The first steps to greater GLA control came with the resignation of Sir Ian Blair, Commissioner of the Metropolitan Police in October 2008, citing lack of support from Johnson who had been elected five months earlier. To a great degree it was believed that Blair was resistant to Johnson's wish for greater political control of the London police and so was pressured to leave. Things, this month, have taken a step further with Malthouse, saying he and Johnson now 'have our hands on the tiller' of the Metropolitan police and have an electoral mandate to influence what it does. Furthermore he said that they had had 'elbowed the Home Office out of the picture' and would not simply comply with Metropolitan Police proposals: 'We do not want to be a passenger on the Met cruise' he said. Despite his ineffectual nature and the corruption of many of his deputies, it is clear that Johnson relishes power. However, it has become quickly apparent that Johnson is the pioneer for further steps of this nature.

David Cameron, leader of the Conservative Party who seems absolutely confident that he will become prime minister in 2010, has outlined the policy of having elected heads of all constabularies. This is sold on the basis that it will reduce Home Office bureaucracy and allow greater accountability to the local community (or certainly to those who are not marginalised and can make a fuss). Of course, you will find quite strict controls over the electoral process as Cameron would not want an active Muslim as the new head of the West Midlands or the Greater Manchester constabularies as might be the case in a free election.

Unsurprisingly, these steps have attracted resistance from the police. Ian Johnston, President of the Police Superintendants' Association (superintendants and chief superintendants run local police and detective units; they can be considered middle management in the police structure) has portrayed the approach as risking the world renown of the UK police service for 'short-term political dogma'. Now, people on the left like me, see the police as a very conservative force in society anyway and their response to the G20 protests this year which resulted in the police murdering a passerby as well as the fatal shooting of Jean Charles de Menezes by police in 2005, just heightens that sense. So, if they feel that a right-wing Conservative policy is going too far, then you know it must be pretty extreme. Back in the early 1990s I remember talking to liberal police officers (they do exist, there are police who do still see themselves as having a role in guarding rather than repressing society) who were worried by what they saw as the politicisation of the service back then and we have gone much further since.

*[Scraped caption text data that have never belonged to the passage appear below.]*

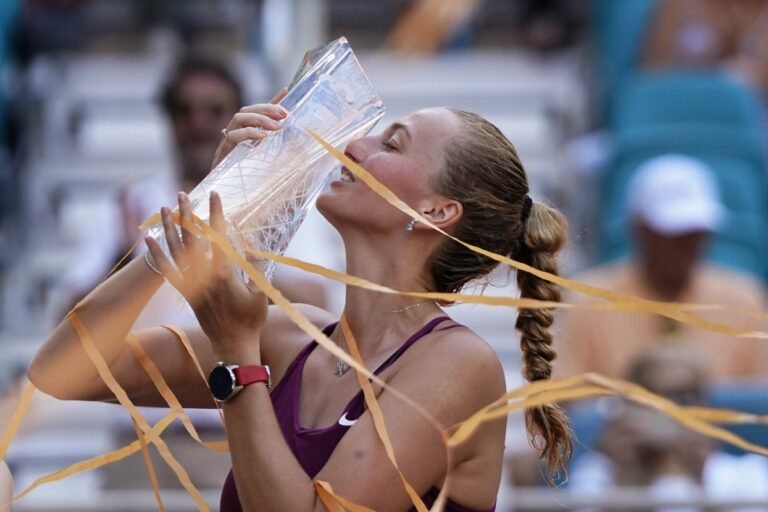 Kvitova wins Miami Open, beating Rybakina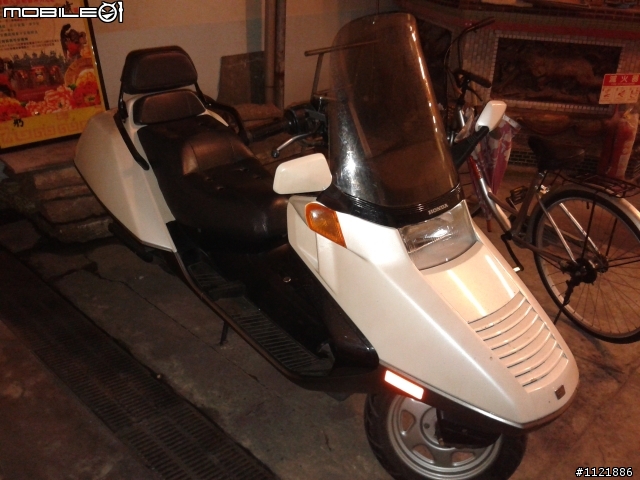 請問這台HONDA的型號~
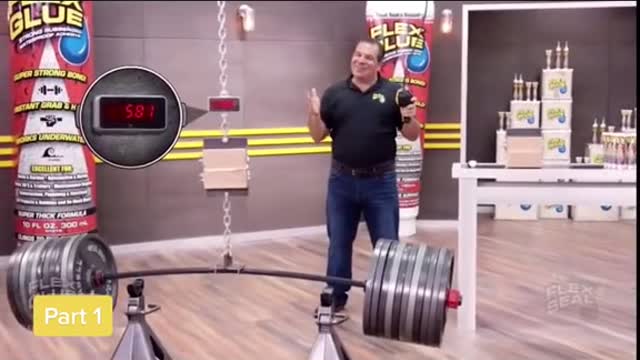 Man“Tested ”Strong Flex Glue to See If it Works as Shown on TV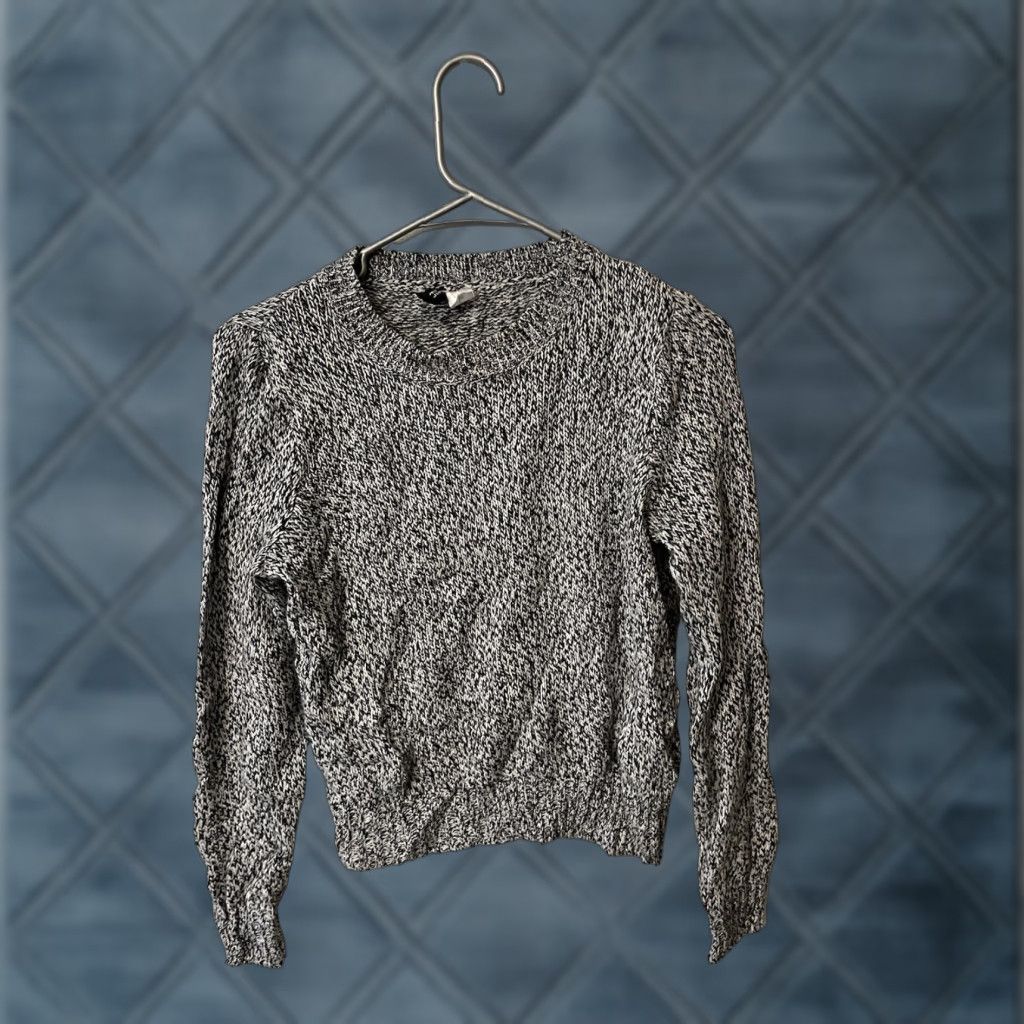 H&M H&M Divided Womens Pullover Sweater Long Sleeve Gray Crew Neck XS Blend Size XS / US 0-2 / IT 36-38 - 1 Thumbnail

So, what has any of this to do with the Third Reich? Germany in the 1930s had a police system very similar to the UK model, i.e. decentralised. This in part had come about because the German state was a federation of various other states which retained their own police forces. There was an imbalance as after 1866 Prussia constituted two-thirds of Germany so Prussian police forces covered a great deal, if not all of the country. As in the UK, detectives from the capital, Berlin in Prussia, would be called into to tackle serious murder cases in other German states.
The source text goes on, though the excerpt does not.